Vor dem Festspielhaus in Bayreuth - v.l.n.r.: Franziska Hösli, Theresia Renelt, Andrés Felipe Orozco Martinez, Angelica Böttcher, Jesko Sirvend und Susanne Niebling

Die folgenden Angaben beziehen sich auf den Zeitraum bis zum Jahr des Stipendiats. Der weitere Werdegang ist nicht berücksichtigt.

Angelica Böttcher, Mezzosopran, geboren in Pinneberg bei Hamburg, studierte von 2000 bis 2001 Musikwissenschaften an der Universität Hamburg und wechselte Ende 2001 an die Musikhochschule "Carl Maria von Weber" in Dresden, um bei Prof. Christiane Junghanns ihr Gesangsstudium aufzunehmen. Noch in 2000 debütierte sie in dem Musiktheaterstück Weill Fieber - die Revue des Theaters NN – Kulturbahnhof Hamburg-Altona – in der Rolle der „Dame mit Täschchen“ unter der Regie von Dieter Seidel. Neben ihrer regen Konzerttätigkeit ab 2002 – u. a. in der Dresdener Kreuzkirche die Altpartie in der Messe C-Dur von Beethoven unter Leitung von Wolfgang Behrend, in der Frauen-Kirche sowie im Bautzener Dom – absolvierte sie in 2004 ein Praktikum am Teatro Lirico Sperimentale "A. Belli" in Spoleto (Italien). Bei den Schlesischen Musikfesten im Juni 2005 sang sie die solistische Altpartie des Oratoriums Der Mensch, das Spiel der Zeit von Heino Schubert mit der Philharmonie Breslau unter der musikalischen Leitung von Stanislaw Rybarczyk. Es folgte Anfang 2006 die Mitwirkung in der Rolle der Dorabella im Mozart-Pasticcio der Musikhochschule Dresden.
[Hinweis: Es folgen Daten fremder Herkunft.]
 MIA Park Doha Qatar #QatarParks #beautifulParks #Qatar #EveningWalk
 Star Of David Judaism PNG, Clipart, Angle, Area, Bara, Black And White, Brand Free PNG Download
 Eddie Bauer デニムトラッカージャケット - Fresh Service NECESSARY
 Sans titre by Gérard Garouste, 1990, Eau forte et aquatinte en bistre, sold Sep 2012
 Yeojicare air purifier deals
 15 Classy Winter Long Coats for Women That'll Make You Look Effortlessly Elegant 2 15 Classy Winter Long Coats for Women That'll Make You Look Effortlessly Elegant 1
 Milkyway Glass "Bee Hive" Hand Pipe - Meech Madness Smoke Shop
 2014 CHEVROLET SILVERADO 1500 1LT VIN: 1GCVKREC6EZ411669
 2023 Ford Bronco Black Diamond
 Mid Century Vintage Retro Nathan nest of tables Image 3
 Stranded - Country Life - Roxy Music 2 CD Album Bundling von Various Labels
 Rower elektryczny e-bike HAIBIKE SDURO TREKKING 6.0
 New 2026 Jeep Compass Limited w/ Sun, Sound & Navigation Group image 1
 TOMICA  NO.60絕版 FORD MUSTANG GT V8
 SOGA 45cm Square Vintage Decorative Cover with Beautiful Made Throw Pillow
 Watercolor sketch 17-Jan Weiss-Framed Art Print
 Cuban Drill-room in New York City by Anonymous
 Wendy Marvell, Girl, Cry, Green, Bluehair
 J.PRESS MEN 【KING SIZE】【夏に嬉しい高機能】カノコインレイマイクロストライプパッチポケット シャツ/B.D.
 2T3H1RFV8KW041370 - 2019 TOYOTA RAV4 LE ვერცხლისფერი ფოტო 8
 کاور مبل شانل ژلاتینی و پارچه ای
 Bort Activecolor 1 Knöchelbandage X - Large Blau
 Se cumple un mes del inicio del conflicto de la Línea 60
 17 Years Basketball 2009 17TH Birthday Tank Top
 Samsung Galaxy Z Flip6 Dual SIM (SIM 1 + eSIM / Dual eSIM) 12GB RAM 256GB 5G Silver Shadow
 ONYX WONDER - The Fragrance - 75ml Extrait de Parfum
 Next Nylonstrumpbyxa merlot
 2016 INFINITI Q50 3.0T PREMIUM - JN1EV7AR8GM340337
Anläßlich des Eröffnungs-Konzertes zum 150. Jubiläum der Musikhochschule Dresden sang sie im Februar 2006 die Partie der Fatime in der konzertanten Aufführung der Oper Oberon in der Semperoper unter der Leitung von Prof. Ekkehard Klemm. Im September 2006 folgte ein Engagement bei der Ruhr-Triennale in der Uraufführung des Musiktheaterstücks Rubens und das nicht-euklidische Weib von Peter Esterházy unter der Regie von Philipp Stölzl und dem Orchester Musica-Antiqua Köln. Im März 2007 belegte sie den 3. Platz bei dem Wettbewerb der Schloßoper Haldenstein für die Rolle der Marcellina in Le Nozze di Figaro. Im Oktober 2006 setzte Angelica Böttcher ihr Gesangsstudium an der Kölner Musikhochschule fort, wo sie im Februar 2008 ihr Gesangsdiplom in der Klasse von Herrn Prof. Leyhe absolvierte und in mehreren Hochschulproduktionen, z. B. als Gräfin in Wildschütz im Februar 2007 oder als Mrs. Herring in Benjamin Brittens Albert Herring im Januar 2008 mitwirkte. Seit März 2008 studiert sie bei Frau Prof. Klesie Kelly-Moog Gesang im Konzertexamen. Bis Juni 2008 war sie Mitglied des Opernstudios Köln.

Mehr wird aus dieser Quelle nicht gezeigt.